Why do the !$OMP statements begin with a comment character?
-----------------------------------------------------------

This is by design. In order to invoke the parallel procesing commands,
you must use a specific compiler command (such as :literal:`-openmp`,
:literal:`-fopenmp`, or similar, depending on the compiler).  If you
omit these compiler switches, then the parallel processing directives
will be considered as Fortran comments, and the associated DO-loops
will be executed on a single core.

.. _parallel-guide-subroutine:

Do subroutine variables have to be declared PRIVATE?
----------------------------------------------------

Consider this subroutine:

.. code-block:: Fortran

   SUBROUTINE mySub( X, Y, Z )

      ! Dummy variables for input
      REAL, INTENT(IN)  :: X, Y

      ! Dummy variable for output
      REAL, INTENT(OUT) :: Z

      ! Add X + Y to make Z
      Z = X + Y

   END SUBROUTINE mySub

which is called from within a parallel loop:

.. code-block:: Fortran

   INTEGER :: N
   REAL    :: A, B, C

   !$OMP PARALLEL DO           &
   !$OMP DEFAULT( SHARED     ) &
   !$OMP PRIVATE( N, A, B, C )
   DO N = 1, nIterations

      ! Get inputs from some array
      A = Input(N,1)
      B = Input(N,2)

      ! Add A + B to make C
      CALL mySub( A, B, C )

      ! Save the output in an array
      Output(N) = C
   ENDDO
   !$OMP END PARALLEL DO

Using the :ref:`rule of thumb described above
<parallel-guide-faq-private>`, because :code:`N`, :code:`A`,
:code:`B`, and :code:`C` are scalars (having dimensionality = 0), they
must be placed in the :code:`!$OMP PRIVATE` clause.

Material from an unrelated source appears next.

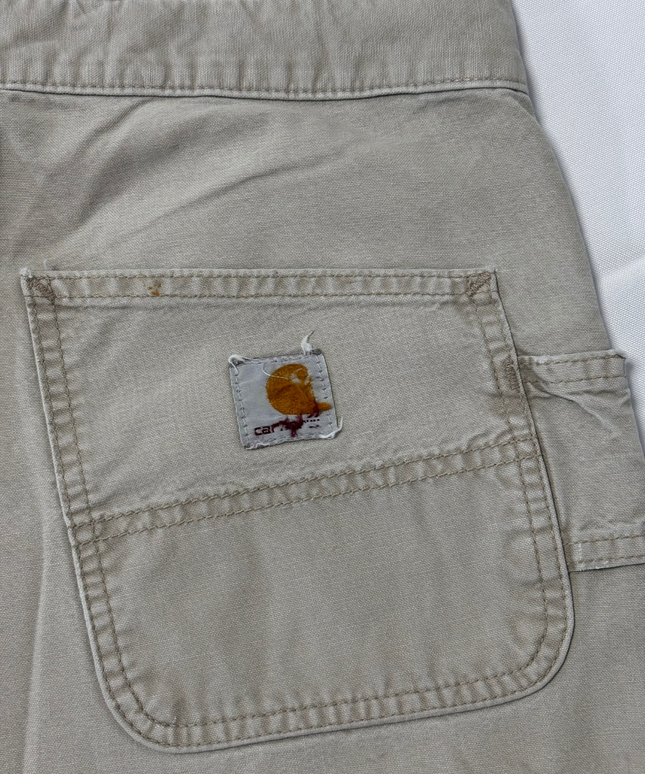 Carhartt Beige Cargo Vintage Distressed Work Pants – S | Waist: 31"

But note that the variables :code:`X`, :code:`Y`, and :code:`Z` do not
need to be placed within a :code:`!$OMP PRIVATE` clause within
subroutine :code:`mySub`. This is because each core calls
:code:`mySub` in a separate thread of execution, and will create its
own private copy of :code:`X`, :code:`Y`, and :code:`Z` in memory.

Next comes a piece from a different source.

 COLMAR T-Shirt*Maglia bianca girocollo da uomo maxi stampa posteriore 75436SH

.. _what_does_the_threadprivate_statement_do:

What does the THREADPRIVATE statement do?
-----------------------------------------

Let's modify the :ref:`above example <parallel-guide-subroutine>`
slightly. Let's now suppose that subroutine :code:`mySub` from the prior
example is now part of a Fortran-90 module, which looks like this:

.. code-block:: Fortran

   MODULE myModule

     ! Module variable:
     REAL, PUBLIC :: Z

   CONTAINS

     SUBROUTINE mySub( X, Y )

      ! Dummy variables for input
      REAL, INTENT(IN)  :: X, Y

      ! Add X + Y to make Z
      ! NOTE that Z is now a global variable
      Z  = X + Y

     END SUBROUTINE mySub

   END MODULE myModule

Note that :code:`Z` is now a global scalar variable with
dimensionality = 0. Let's now use the same parallel loop
(dimensionality = 1) as before:

.. code-block:: Fortran

   ! Get the Z variable from myModule
   USE myModule, ONLY : Z

   INTEGER :: N
   REAL    :: A, B, C

   !$OMP PARALLEL DO           &
   !$OMP DEFAULT( SHARED     ) &
   !$OMP PRIVATE( N, A, B, C )
   DO N = 1, nIterations

      ! Get inputs from some array
      A = Input(N,1)
      B = Input(N,2)

      ! Add A + B to make C
      CALL mySub( A, B )

      ! Save the output in an array
      Output(N) = Z

   ENDDO
   !$OMP END PARALLEL DO

Because :code:`Z` is now a global variable with lower dimensionality
than the loop, we must try to place it within an :code:`!$OMP PRIVATE`
clause.  However, :code:`Z` is defined in a different program unit
than where the parallel loop occurs, so we cannot place it in an
:code:`!$OMP PRIVATE` clause for the loop.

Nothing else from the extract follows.